Dependencies and Installation
=============================

Installation requires `Python`_ 3.9+ (recommended version 3.11). Additional requirements, which will be downloaded and installed automatically. See full list of dependencies in `requirements.txt`_

Python Environment
------------------

Dependencies for the Python tools developed here, are the typical Python stack (3.9+ and pip). A good approach is to set a virtual environment:

.. code-block:: bash

  virtualenv -p `which python` env
  source ./env/bin/activate
  pip install --upgrade -r requirements.txt
  pip freeze > requirements_from_freeze.txt
  deactivate

Installing
----------

``Taxonomy Resolver`` can be installed with pip:

.. code-block:: bash

  pip install taxonresolver


Getting Started
===============

Taxonomy Resolver can be used as a Python module or via the CLI provided.

Module
------

Example of typical usage of the Taxonomy Resolver module is provided below:

.. code-block:: python

  from taxonresolver import TaxonResolver

  resolver = TaxonResolver()

  # Download the NCBI Taxonomy Data Dump
  dumpfile = "taxdmp.zip"
  resolver.download(dumpfile, "zip")

  # Building the NCBI Taxonomy Tree data structure
  resolver.build(dumpfile)

  # Saving the Tree data structure as Pickle format
  treefile = "tree.pickle"
  resolver.write(treefile, "pickle")

  # Get a list of children TaxIDs that compose a set of TaxIDs
  searchfile = "taxids_search.txt"
  tax_ids = resolver.search(searchfile)
  # Write the TaxIDs to a file
  taxidsfile = "taxids_list.txt"
  with open(outfile, "w") as outfile:
      outfile.write("\n".join(tax_ids))


When a Taxonomy Tree is already available one can simply load it with ``resolver.load()``:

.. code-block:: python

  from taxonresolver import TaxonResolver

  resolver = TaxonResolver()

  # Loading the NCBI Taxonomy Tree
  treefile = "tree.pickle"
  resolver.load(treefile, "pickle")

  # Validate a set of TaxIDs against the Tree data structure
  validatefile = "taxids_validate.txt"
  valid = resolver.validate(validatefile)
  if valid:
    print(f"TaxIDs in {validatefile} are valid!")

CLI
---

Explore the CLI and each command by running
``python taxonomy_resolver.py (COMMAND) --help``. If Taxonomy Resolver was installed with
``python setup.py install``, then simply run ``taxonomy_resolver --help``:

.. code-block:: bash

  Usage: taxonomy_resolver [OPTIONS] COMMAND1 [ARGS]... [COMMAND2
                              [ARGS]...]...

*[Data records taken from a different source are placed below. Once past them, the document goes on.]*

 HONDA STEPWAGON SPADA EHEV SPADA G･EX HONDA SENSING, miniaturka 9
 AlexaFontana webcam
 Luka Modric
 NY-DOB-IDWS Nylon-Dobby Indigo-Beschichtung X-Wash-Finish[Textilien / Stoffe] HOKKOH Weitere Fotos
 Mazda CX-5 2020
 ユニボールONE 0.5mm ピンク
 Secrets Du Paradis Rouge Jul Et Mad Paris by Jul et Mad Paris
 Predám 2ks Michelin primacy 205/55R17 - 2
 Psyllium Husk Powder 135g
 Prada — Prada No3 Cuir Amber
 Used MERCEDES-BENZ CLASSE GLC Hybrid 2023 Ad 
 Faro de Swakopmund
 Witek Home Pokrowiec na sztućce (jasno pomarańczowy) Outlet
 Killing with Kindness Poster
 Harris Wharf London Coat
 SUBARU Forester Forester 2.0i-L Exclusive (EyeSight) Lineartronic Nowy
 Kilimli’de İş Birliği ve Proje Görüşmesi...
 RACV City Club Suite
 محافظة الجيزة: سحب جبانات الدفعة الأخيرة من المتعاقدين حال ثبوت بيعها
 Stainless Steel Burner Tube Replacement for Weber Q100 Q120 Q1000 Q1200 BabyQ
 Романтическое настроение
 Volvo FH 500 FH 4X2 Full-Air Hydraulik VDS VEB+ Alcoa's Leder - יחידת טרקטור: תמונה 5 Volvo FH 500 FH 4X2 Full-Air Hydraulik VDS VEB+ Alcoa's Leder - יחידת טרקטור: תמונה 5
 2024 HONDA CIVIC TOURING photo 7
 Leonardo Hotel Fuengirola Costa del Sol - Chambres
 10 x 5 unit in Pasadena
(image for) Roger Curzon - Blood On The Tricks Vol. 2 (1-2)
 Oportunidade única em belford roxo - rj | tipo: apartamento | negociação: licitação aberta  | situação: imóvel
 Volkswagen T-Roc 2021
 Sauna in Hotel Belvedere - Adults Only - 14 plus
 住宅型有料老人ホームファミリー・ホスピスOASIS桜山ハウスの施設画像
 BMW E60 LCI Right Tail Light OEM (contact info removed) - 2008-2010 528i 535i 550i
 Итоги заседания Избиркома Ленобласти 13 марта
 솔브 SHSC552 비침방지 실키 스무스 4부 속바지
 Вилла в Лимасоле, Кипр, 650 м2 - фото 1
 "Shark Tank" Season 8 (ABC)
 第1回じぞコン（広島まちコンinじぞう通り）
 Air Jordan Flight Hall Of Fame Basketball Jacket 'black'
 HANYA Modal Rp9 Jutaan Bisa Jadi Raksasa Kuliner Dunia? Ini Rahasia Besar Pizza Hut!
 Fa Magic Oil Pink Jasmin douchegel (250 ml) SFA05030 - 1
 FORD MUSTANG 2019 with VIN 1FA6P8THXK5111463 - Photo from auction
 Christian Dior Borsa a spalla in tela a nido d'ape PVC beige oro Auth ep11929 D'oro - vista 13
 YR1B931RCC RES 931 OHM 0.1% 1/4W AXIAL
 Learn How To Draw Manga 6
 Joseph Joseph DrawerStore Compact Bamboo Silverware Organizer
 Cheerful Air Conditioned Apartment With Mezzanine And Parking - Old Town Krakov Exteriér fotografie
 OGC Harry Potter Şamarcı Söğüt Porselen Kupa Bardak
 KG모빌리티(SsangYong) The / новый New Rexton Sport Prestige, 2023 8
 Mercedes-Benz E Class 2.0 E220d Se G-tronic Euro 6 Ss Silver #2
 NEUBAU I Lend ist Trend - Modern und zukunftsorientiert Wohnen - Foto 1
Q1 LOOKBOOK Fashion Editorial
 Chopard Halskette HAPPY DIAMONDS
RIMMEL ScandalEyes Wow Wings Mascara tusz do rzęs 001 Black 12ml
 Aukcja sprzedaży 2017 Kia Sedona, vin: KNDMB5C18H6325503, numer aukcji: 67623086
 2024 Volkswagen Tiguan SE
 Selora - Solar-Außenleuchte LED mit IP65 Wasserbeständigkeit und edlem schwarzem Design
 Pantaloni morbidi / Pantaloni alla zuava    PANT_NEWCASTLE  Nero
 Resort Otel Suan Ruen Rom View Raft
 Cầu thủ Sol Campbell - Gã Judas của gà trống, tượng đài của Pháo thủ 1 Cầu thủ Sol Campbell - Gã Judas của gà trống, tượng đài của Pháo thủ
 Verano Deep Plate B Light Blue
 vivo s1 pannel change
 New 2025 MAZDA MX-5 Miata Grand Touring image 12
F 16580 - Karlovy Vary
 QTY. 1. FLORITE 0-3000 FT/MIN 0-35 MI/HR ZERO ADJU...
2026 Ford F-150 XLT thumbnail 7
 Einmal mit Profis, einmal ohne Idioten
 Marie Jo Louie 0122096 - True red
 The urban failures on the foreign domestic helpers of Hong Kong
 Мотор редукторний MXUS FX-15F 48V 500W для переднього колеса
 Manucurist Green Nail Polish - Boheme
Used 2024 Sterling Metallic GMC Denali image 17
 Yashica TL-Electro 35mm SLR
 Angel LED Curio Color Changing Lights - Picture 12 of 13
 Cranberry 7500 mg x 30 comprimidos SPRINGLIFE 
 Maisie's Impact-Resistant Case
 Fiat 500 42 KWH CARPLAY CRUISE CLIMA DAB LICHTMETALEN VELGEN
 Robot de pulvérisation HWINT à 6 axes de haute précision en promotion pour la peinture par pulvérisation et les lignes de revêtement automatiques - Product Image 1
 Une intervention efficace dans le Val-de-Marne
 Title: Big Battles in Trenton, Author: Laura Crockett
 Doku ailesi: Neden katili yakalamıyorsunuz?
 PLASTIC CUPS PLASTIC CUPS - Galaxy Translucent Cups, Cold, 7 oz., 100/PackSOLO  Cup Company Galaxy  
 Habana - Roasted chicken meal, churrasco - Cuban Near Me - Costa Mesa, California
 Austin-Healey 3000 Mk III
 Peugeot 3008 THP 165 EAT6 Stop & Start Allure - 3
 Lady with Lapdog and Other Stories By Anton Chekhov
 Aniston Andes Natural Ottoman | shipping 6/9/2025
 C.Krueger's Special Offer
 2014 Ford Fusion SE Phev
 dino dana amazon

    Taxonomy Resolver: Build a NCBI Taxonomy Tree, validate and search TaxIDs.

  Options:
    --version   Show the version and exit.
    -h, --help  Show this message and exit.

  Commands:
    build     Build a NCBI Taxonomy Tree data structure.
    download  Download the NCBI Taxonomy dump file ('taxdmp.zip').
    search    Searches a Tree data structure and writes a list of TaxIDs.
    validate  Validates a list of TaxIDs against a Tree data structure.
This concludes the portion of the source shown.